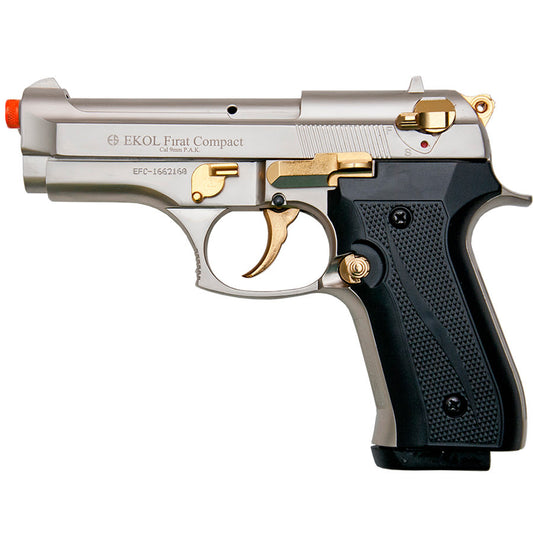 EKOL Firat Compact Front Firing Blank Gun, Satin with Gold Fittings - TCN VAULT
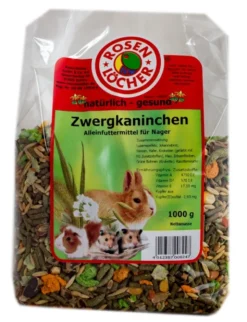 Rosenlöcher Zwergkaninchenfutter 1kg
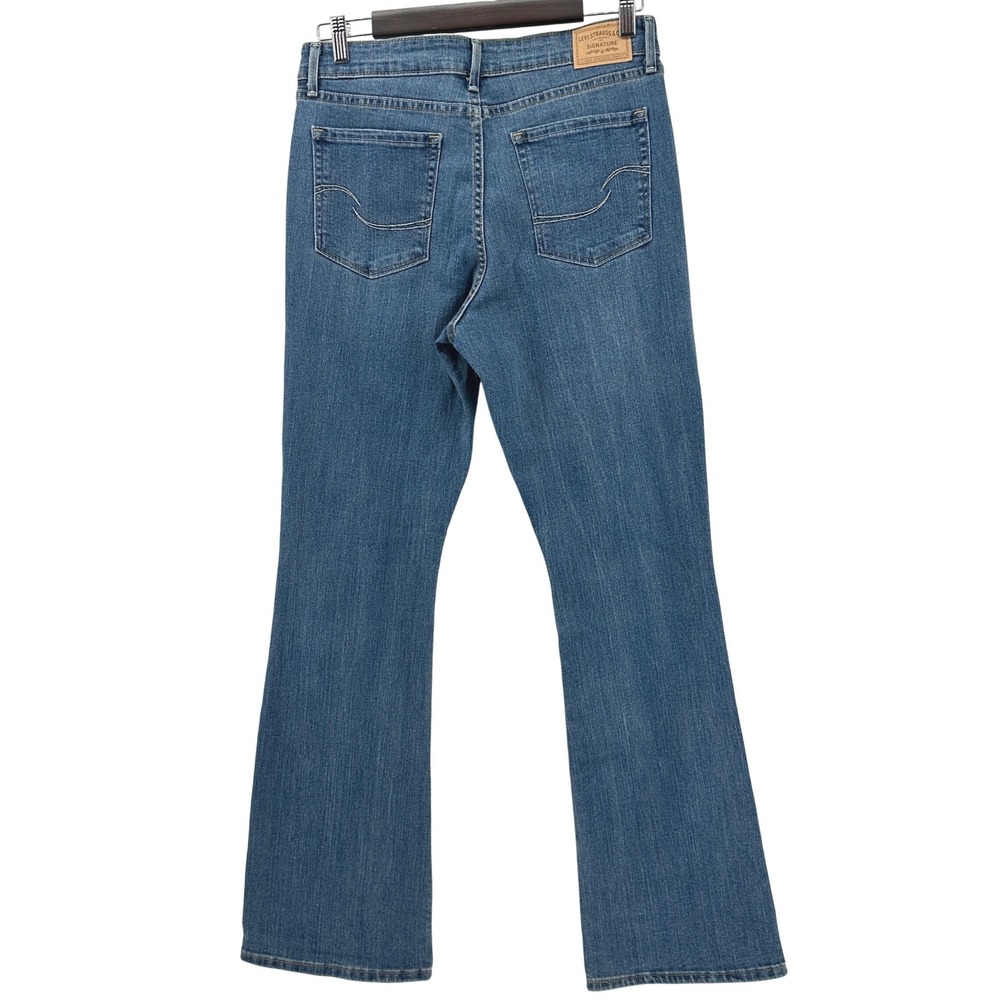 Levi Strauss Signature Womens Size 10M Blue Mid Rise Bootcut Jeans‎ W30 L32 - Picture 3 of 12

#####

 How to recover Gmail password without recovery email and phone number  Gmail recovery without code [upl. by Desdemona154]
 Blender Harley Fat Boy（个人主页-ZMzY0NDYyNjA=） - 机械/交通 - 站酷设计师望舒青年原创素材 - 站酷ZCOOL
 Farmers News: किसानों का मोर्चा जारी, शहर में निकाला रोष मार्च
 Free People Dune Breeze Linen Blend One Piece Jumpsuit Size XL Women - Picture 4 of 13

#####

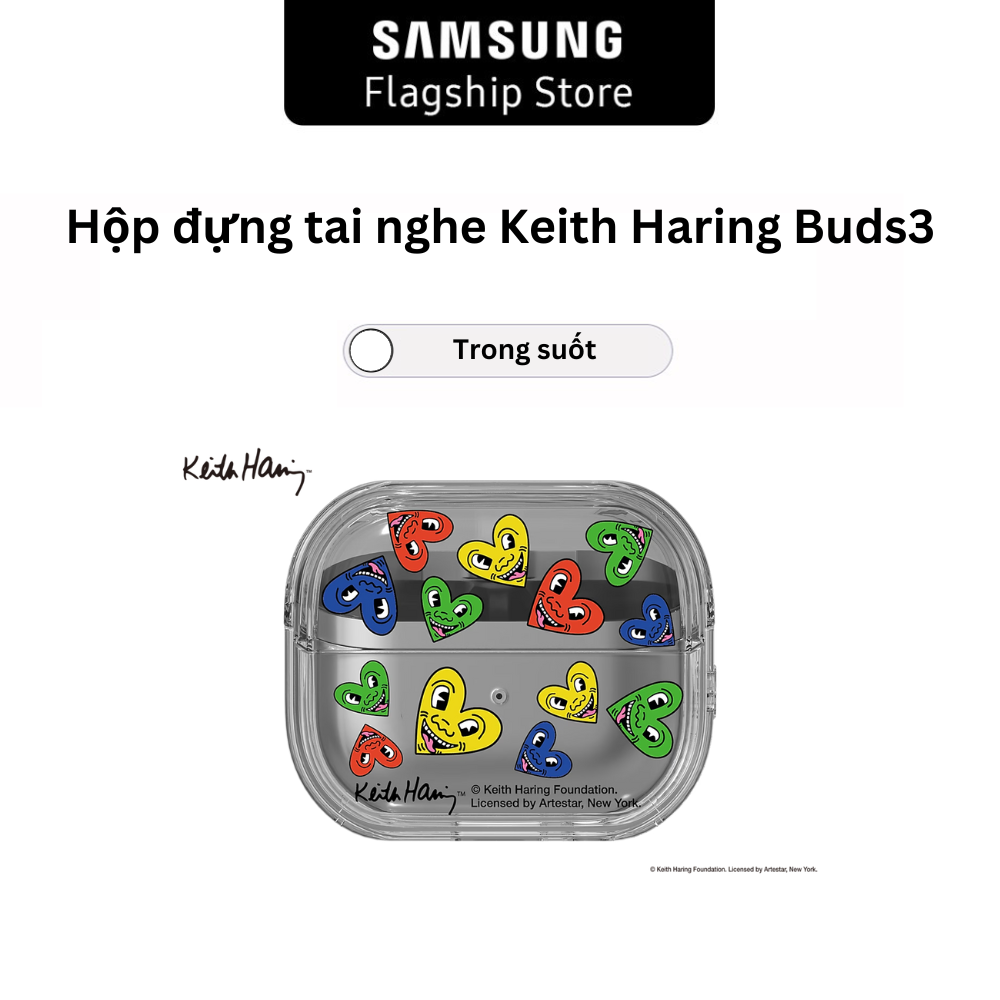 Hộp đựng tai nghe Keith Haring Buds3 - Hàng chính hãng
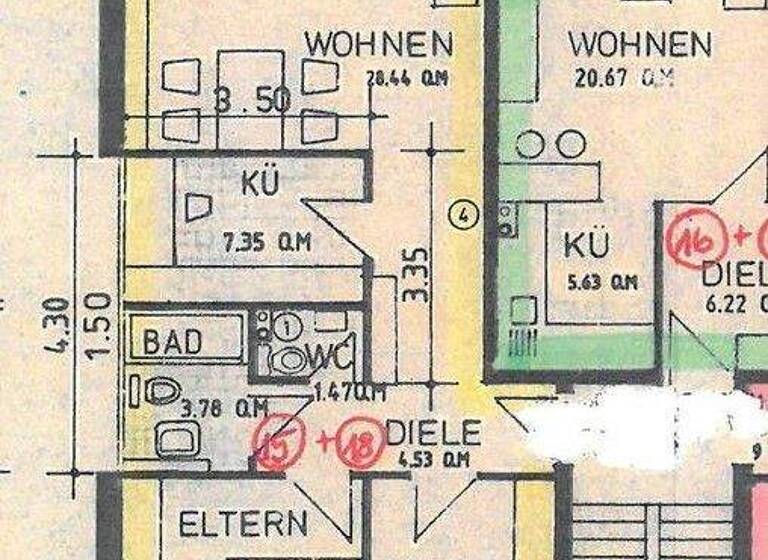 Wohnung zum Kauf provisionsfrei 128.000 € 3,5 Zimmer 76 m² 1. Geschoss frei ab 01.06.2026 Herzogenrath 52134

#####

Range to copy from the listing above: the line containing "EKOL Firat Compact" down to the line containing "Levi Strauss Signature", both included. Reproduce it exactly, minus the pictures, and add nothing.

 EKOL Firat Compact Front Firing Blank Gun, Satin with Gold Fittings - TCN VAULT
 Rosenlöcher Zwergkaninchenfutter 1kg
 Levi Strauss Signature Womens Size 10M Blue Mid Rise Bootcut Jeans‎ W30 L32 - Picture 3 of 12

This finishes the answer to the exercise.